Problem to work on
Find every line below that contains the word "side" and copy it out.

Data shown
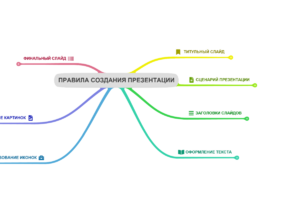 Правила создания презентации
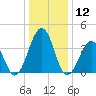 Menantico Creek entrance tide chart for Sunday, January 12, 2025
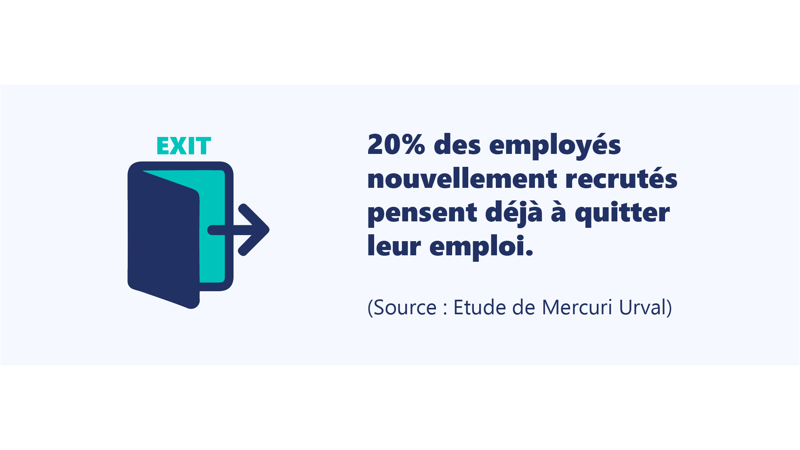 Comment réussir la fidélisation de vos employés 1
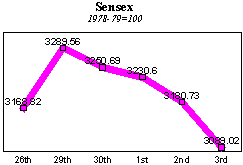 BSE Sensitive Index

---

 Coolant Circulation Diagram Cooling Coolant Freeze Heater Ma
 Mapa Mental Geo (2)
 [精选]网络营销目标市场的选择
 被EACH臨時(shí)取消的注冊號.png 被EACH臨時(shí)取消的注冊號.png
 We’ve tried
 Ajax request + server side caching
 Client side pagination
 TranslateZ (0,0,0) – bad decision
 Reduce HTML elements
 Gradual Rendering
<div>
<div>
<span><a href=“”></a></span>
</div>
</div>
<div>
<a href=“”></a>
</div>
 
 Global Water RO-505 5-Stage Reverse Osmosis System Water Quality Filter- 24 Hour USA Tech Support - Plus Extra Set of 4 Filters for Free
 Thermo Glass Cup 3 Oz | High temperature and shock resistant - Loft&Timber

Finished exercise
 Ajax request + server side caching
 Client side pagination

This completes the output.